Work item: In how many lines of the entries below does "Green" appear? Give only the number.

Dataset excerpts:
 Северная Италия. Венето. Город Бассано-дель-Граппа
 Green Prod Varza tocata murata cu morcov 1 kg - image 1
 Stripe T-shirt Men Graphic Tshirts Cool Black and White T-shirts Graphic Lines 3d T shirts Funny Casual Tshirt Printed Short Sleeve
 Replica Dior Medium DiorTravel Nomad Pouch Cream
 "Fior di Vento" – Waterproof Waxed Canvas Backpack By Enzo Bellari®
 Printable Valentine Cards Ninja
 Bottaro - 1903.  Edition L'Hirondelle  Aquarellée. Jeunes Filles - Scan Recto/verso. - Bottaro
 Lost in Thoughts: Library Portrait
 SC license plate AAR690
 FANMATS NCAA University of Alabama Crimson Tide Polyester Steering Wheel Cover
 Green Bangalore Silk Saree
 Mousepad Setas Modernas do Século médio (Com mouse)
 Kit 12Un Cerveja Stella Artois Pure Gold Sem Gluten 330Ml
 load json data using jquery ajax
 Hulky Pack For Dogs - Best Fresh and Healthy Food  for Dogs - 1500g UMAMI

Written response: 2